1. 2 Data Erasing Operation

Next, a data erasing operation according to the present embodiment will be described. An erasing operation includes an operation that applies an erase pulse to decrease (to shift in a negative voltage direction) a threshold voltage of the memory cell transistor MT and includes erase verification that determines whether or not the threshold voltage of the memory cell transistor MT, as a result of the application of the erase pulse, is smaller than a target value. There are two erase modes referred to as “normal erase mode” and “slow erase mode” in the erasing operation. The NAND flash memory 100 performs the erasing operation in any one erase mode based on a command received from the controller 200. The normal erase mode and the slow erase mode have different conditions for the erase pulse.

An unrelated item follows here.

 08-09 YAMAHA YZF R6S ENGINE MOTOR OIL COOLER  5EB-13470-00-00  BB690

Specifically, the level and time of voltage application to the back gate of the memory cell transistor MT are different in these modes. The potential of the erase pulse is smaller in the slow erase mode than is in the normal erase mode, and the period of application of the erase pulse is longer in the slow erase mode than is in the normal erase mode. Hereinafter, details of the erasing operation will be described.

1. 2. 1 Operation of Controller 200

First, operation of the controller 200 during the erasing operation will be described.

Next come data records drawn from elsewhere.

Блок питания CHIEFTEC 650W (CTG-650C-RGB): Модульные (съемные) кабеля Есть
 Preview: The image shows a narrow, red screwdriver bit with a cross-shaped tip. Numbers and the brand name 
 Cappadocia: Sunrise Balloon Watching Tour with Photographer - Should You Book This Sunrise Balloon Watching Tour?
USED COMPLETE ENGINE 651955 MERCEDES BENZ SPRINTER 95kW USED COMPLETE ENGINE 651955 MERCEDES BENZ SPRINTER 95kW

1. 2. 1. 1 In Normal Erase Mode

First, operation of the controller 200 in the normal erase mode will be described with reference to FIG. 3.

As illustrated in FIG. 3, the processor 230, first, outputs a command “60h” to the NAND flash memory 100 and asserts the command latch enable signal CLE (at an “H” level). The command “60h” instructs the NAND flash memory 100 to perform the erasing operation.

Next, the processor 230 outputs address data “ADD” and asserts the address latch enable signal ALE (at the “H” level). While the address data has one cycle in the example of FIG. 3, the address data may have multiple cycles to transmit a column address, a row address, and the like. The row address may include a block address and a page address. Furthermore, the page address, for example, may include information that is related to the word lines WL, even/odd bit lines (E/O), a string address, or a lower/middle/upper page (L/M/U).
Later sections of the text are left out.